**TASK INSTRUCTIONS:**
In the records below, one line contains "this 1080×623 image.". Print that line and every line after it exactly, down to the final one.

========================================================================

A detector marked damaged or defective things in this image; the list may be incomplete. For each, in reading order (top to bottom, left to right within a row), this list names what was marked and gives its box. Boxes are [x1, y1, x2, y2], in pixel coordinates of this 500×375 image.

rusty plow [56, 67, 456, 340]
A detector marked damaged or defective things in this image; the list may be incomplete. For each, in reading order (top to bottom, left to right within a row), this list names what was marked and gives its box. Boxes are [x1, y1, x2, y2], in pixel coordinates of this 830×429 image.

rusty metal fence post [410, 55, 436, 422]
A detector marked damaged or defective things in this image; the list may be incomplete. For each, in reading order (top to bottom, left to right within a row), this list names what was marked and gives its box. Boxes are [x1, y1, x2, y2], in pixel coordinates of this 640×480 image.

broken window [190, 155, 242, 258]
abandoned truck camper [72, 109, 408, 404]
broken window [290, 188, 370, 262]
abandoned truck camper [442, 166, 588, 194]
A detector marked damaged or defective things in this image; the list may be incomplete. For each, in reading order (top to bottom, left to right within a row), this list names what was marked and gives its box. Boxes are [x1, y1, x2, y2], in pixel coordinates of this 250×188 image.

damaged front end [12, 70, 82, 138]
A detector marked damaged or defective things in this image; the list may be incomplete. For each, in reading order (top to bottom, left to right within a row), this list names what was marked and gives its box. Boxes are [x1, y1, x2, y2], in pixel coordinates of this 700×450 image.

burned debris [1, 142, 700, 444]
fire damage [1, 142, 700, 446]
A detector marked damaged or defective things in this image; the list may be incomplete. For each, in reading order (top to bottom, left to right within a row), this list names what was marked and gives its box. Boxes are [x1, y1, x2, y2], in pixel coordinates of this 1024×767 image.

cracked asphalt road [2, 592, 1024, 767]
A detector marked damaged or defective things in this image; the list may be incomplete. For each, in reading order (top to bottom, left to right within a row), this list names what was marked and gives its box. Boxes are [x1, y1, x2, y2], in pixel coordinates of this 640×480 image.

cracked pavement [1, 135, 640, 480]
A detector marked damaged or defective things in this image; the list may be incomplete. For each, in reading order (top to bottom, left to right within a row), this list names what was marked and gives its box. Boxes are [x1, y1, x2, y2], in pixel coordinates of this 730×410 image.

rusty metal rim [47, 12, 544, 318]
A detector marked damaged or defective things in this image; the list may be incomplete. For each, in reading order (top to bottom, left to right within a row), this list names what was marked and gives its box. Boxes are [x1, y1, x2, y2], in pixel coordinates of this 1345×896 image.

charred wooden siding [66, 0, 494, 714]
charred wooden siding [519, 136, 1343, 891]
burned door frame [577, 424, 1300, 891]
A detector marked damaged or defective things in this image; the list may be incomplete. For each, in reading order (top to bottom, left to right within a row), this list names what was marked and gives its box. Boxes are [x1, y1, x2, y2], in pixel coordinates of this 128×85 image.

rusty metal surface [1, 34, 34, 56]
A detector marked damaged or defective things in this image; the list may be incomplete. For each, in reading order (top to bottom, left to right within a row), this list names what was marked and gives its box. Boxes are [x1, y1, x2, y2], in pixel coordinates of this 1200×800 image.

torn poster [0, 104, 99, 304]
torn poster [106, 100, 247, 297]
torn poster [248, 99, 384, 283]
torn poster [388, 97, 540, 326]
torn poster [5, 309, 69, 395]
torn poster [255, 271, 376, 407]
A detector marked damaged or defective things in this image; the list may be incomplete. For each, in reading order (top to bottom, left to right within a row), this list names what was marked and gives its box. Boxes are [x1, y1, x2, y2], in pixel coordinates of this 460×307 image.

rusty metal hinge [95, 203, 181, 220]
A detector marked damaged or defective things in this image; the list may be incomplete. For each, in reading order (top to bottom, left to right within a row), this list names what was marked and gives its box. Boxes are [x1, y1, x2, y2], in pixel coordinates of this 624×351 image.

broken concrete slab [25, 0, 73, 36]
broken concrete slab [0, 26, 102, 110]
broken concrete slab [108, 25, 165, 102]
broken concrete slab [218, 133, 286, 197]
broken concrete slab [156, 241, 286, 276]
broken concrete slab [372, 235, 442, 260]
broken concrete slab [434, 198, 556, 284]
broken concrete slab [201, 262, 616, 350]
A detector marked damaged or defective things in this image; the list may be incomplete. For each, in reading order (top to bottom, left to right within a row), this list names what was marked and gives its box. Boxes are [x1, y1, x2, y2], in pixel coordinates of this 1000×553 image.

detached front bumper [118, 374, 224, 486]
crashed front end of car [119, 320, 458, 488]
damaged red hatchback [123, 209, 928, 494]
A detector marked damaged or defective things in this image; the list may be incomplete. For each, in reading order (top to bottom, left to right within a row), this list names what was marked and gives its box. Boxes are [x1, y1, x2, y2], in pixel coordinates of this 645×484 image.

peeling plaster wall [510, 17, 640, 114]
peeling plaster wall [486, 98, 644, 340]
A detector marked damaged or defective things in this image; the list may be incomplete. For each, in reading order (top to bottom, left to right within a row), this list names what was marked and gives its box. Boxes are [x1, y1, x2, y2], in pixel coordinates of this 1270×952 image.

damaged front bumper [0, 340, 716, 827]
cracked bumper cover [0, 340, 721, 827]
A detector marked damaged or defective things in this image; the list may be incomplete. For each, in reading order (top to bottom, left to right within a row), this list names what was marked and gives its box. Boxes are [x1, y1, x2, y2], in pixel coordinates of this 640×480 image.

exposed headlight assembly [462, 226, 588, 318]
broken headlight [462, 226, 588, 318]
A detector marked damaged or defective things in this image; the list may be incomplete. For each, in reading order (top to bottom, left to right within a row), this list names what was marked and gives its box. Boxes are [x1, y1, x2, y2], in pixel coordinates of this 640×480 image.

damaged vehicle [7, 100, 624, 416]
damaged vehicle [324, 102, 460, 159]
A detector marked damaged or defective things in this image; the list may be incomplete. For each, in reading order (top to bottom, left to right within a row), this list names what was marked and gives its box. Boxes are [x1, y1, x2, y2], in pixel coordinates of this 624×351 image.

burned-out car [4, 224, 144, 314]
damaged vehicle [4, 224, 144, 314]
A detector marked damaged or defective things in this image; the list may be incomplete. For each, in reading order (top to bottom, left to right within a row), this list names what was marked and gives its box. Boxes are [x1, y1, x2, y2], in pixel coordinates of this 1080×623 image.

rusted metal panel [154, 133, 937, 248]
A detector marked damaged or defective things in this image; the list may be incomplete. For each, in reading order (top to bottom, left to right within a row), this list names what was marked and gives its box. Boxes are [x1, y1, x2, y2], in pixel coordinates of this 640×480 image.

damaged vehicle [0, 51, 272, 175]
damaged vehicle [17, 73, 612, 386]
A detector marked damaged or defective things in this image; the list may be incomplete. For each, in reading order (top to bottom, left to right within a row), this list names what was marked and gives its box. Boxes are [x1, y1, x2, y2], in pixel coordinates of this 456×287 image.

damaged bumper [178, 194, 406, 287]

========================================================================

**ANSWER:**
A detector marked damaged or defective things in this image; the list may be incomplete. For each, in reading order (top to bottom, left to right within a row), this list names what was marked and gives its box. Boxes are [x1, y1, x2, y2], in pixel coordinates of this 1080×623 image.

rusted metal panel [154, 133, 937, 248]
A detector marked damaged or defective things in this image; the list may be incomplete. For each, in reading order (top to bottom, left to right within a row), this list names what was marked and gives its box. Boxes are [x1, y1, x2, y2], in pixel coordinates of this 640×480 image.

damaged vehicle [0, 51, 272, 175]
damaged vehicle [17, 73, 612, 386]
A detector marked damaged or defective things in this image; the list may be incomplete. For each, in reading order (top to bottom, left to right within a row), this list names what was marked and gives its box. Boxes are [x1, y1, x2, y2], in pixel coordinates of this 456×287 image.

damaged bumper [178, 194, 406, 287]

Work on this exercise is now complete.